In this study we considered the Pediatric Asthma Management Protocol (PAMP) as the innovations, the healthcare professionals working in the emergency department as adopters and the organization (department and the hospital) is the context or the environment in which the PAMP is implemented. We investigated the barriers for implementations through the lens of the factors which influence innovation adoption, including the characteristics (attributes) of the PAMP, the characteristics of the healthcare professionals (adopters’ characteristics) and the environmental factors (context) which constitutes the complex environment of the department and the hospital as well as the patient as a stakeholder.

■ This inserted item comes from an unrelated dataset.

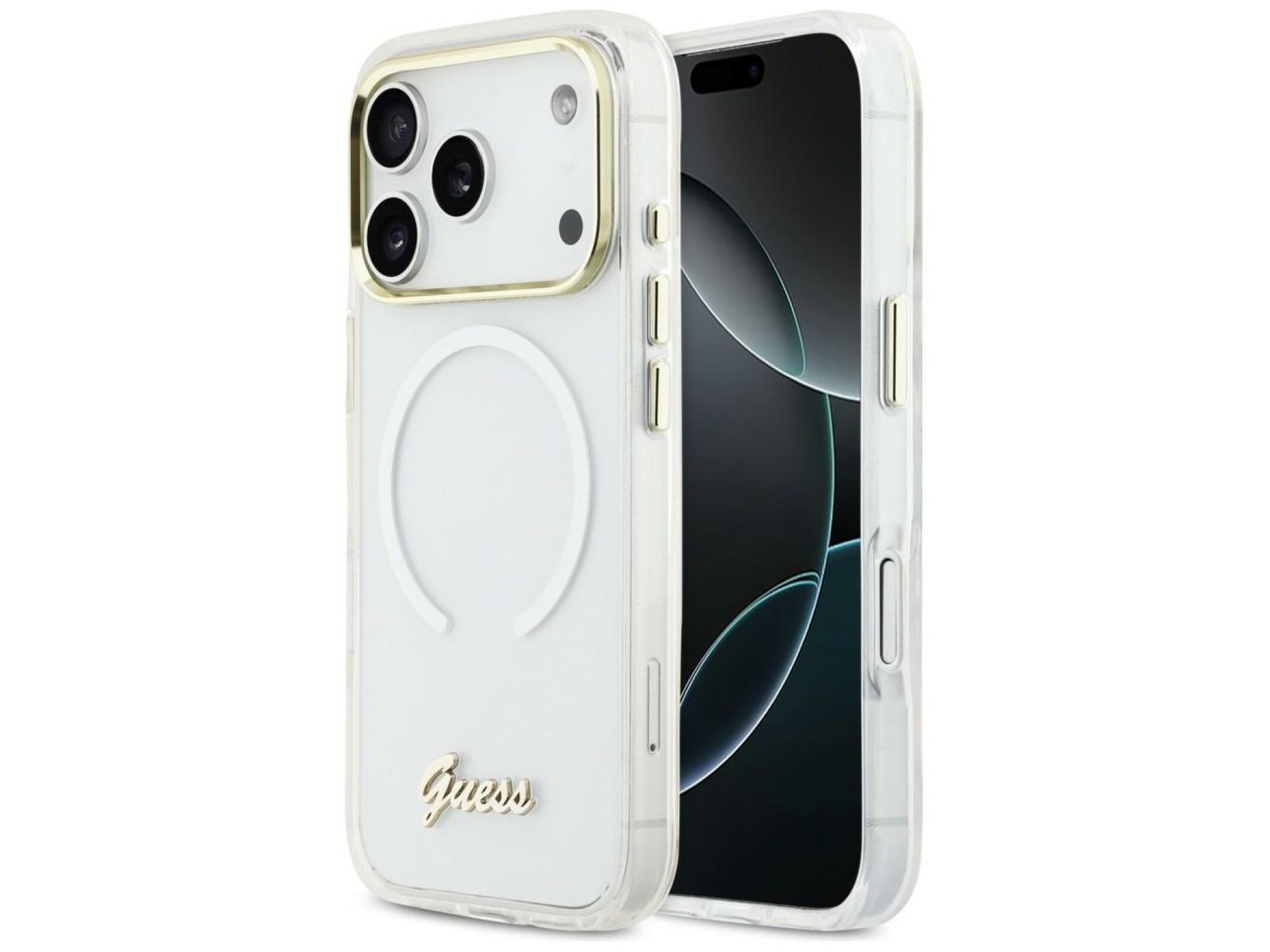 Capa MagSafe Guess IML Gradient Script Metal para iPhone 17 Pro Max - Branca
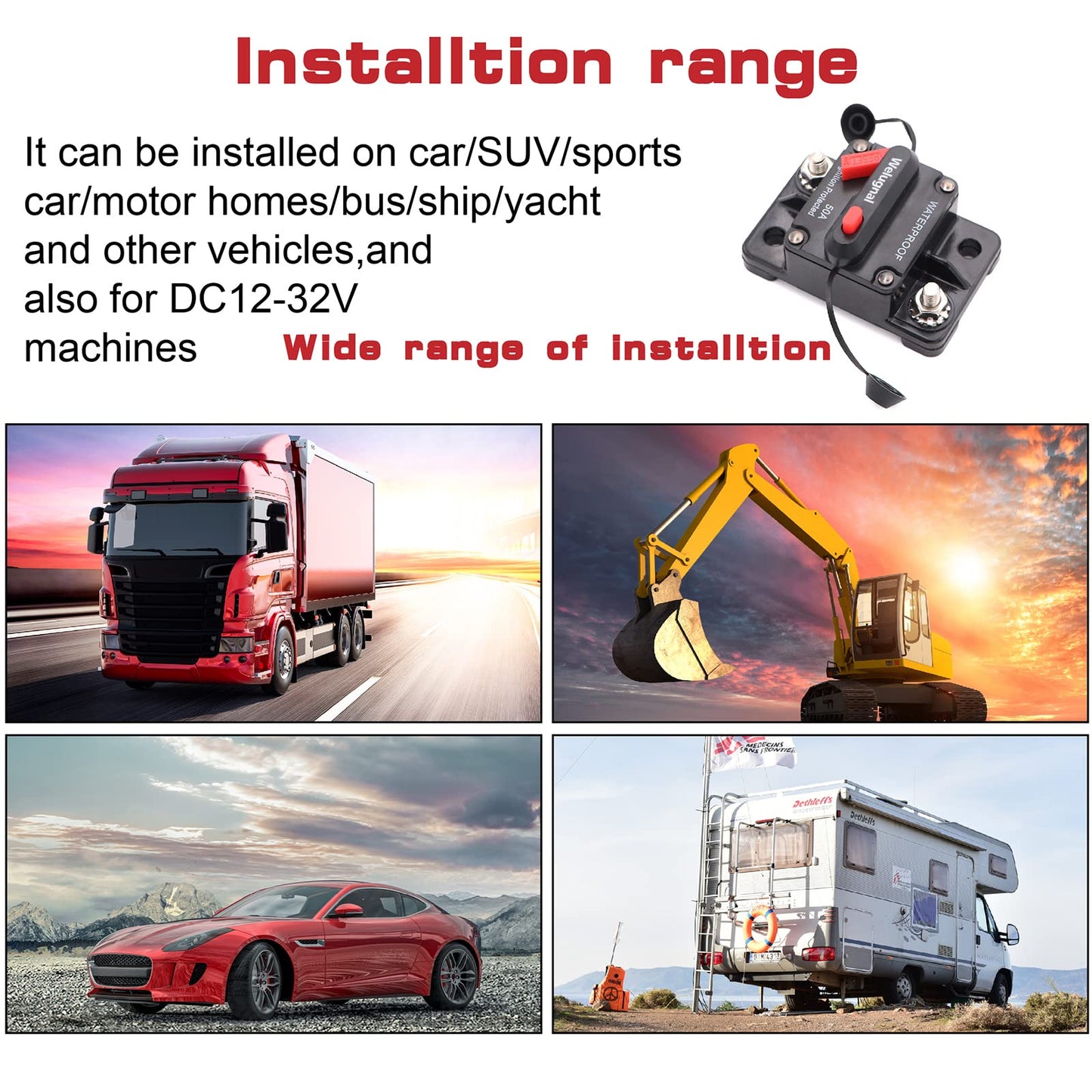 30 Amp Automotive Marine Circuit Breaker with Manual Reset Surface-Mount for Trolling Boat Motor Battery Thermal 12V-48V DC Waterproof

The protocol for this study was approved by King Saud University Institutional Review Board and by the PED.
This study is designed in 2 parts; the first part is a patients’ chart review to investigate the compliance of healthcare providers (physicians and nurses) to 8 recommendations of the PAMP and the second part is a focus group interview to elicit the reasons behind non- adherence to the recommendation detected by the chart review. The 8 key recommendations which were deduced from the literature  were considered as indicators for evidence based best practice.
King Khalid University Hospital (KKUH) in Riyadh, one of King Saud University Hospitals, is a tertiary referral center. The hospital has 750 beds and provides services for all major specialties as well as subspecialties such as infertility and plastic surgery. The hospital provides emergency services through the adult and pediatric emergency departments.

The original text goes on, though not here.